Más allá del cumplimiento normativo, las empresas que incluyen diversidad funcional ganan reputación, innovan y construyen equipos más representativos de la sociedad.
5. Medir el impacto humano y cultural
La inclusión no solo genera beneficios económicos o incentivos tributarios. También transforma la cultura interna: promueve empatía, mejora el clima laboral y aumenta el sentido de pertenencia.
Evaluar estos impactos ayuda a fortalecer estrategias de talento humano y a demostrar que la diversidad es un activo, no un reto.
“Las empresas no solo tienen la oportunidad de cumplir una norma, sino de transformar su cultura y descubrir talentos con enorme capacidad de adaptación y compromiso. En CRAC hemos comprobado que la inclusión laboral cambia vidas, pero también mejora la forma en que las organizaciones trabajan y aprenden”, afirmó Gladys Lopera, directora del CRAC.

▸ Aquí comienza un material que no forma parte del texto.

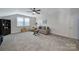 Living room with gray carpet, ceiling fan, and sofa with decorative pillows at 537 Lincoln Quarters Ln, Fort Mill, SC 29708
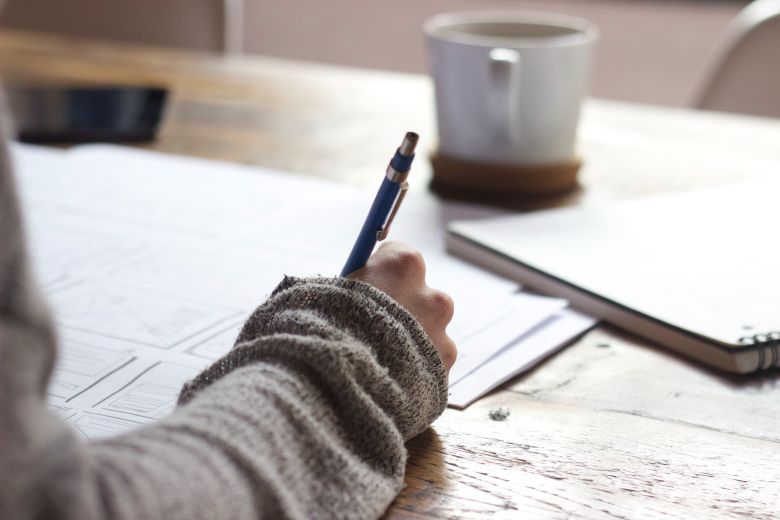 The arm of a student writing notes amid workbooks and a mug of coffee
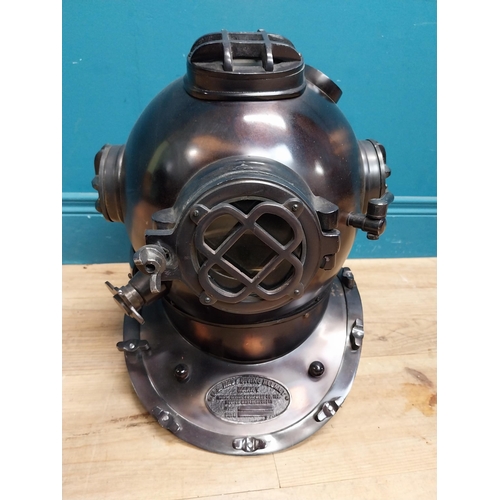 94 - Copperized metal Diver's helmet. {40 cm H x 40 cm W x 40 cm D}.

La entidad continuará acompañando a personas con discapacidad visual en su camino hacia la rehabilitación, la formación ocupacional y la vinculación laboral, promoviendo modelos que conecten talento y oportunidades en el mercado formal.
“Cada persona que se vincula al mundo laboral formal demuestra que la discapacidad no está en la persona, sino en las barreras que eliminamos juntos. En CRAC, trabajamos para que la inclusión sea una práctica y no un discurso”, concluyó Lopera.